Web page caption snippets:
- - - - - - -
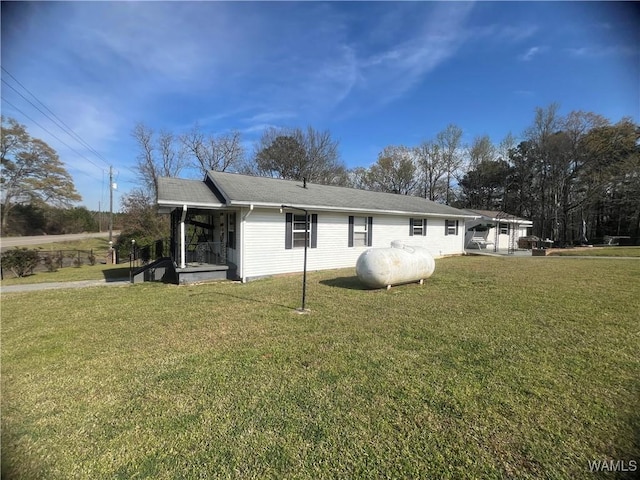 back of property featuring roof with shingles and a lawn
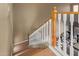 Staircase with wooden treads and white railing leads to a bright and airy living space at 9715 N Azure Ct # 4, Fountain Hills, AZ 85268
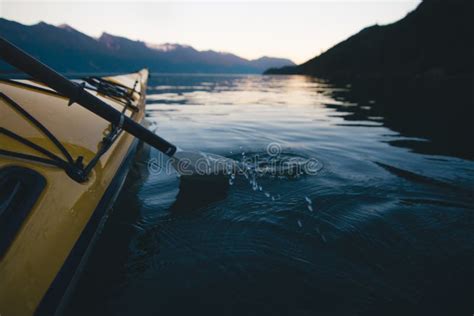 Kayaking Alone On Calm Water With Mountains In The Background While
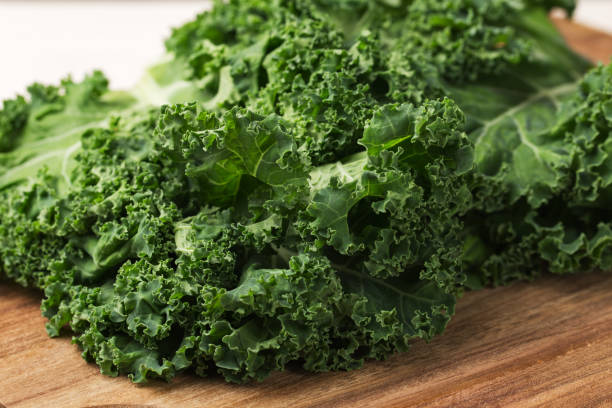 Curly Kale on a wooden cutting board. Healthy eating concept. Superfoods. Organic food. Curly Kale on a wooden cutting board. Healthy eating concept. Superfoods. Organic food. kale stock pictures, royalty-free photos & images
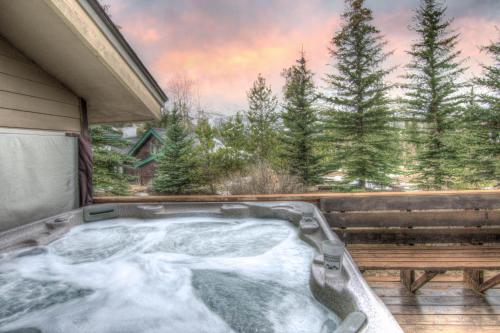 a jacuzzi tub with snow on a deck with trees at Lazy Bear in Breckenridge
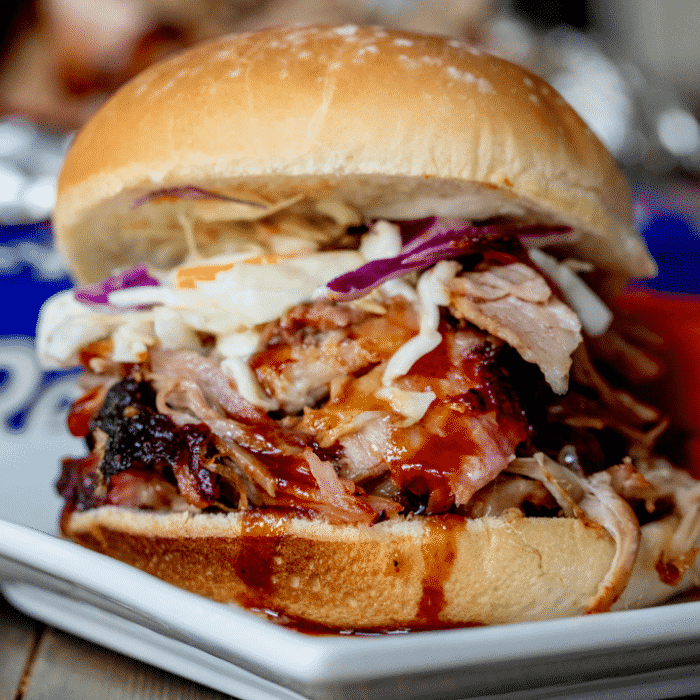 a pulled pork sandwich on a white plate.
- - - - - - -
### Exercise brief
Without the pictures, give every line above again exactly.

### Solution to the exercise
 back of property featuring roof with shingles and a lawn
 Staircase with wooden treads and white railing leads to a bright and airy living space at 9715 N Azure Ct # 4, Fountain Hills, AZ 85268
 Kayaking Alone On Calm Water With Mountains In The Background While
 Curly Kale on a wooden cutting board. Healthy eating concept. Superfoods. Organic food. Curly Kale on a wooden cutting board. Healthy eating concept. Superfoods. Organic food. kale stock pictures, royalty-free photos & images
 a jacuzzi tub with snow on a deck with trees at Lazy Bear in Breckenridge
 a pulled pork sandwich on a white plate.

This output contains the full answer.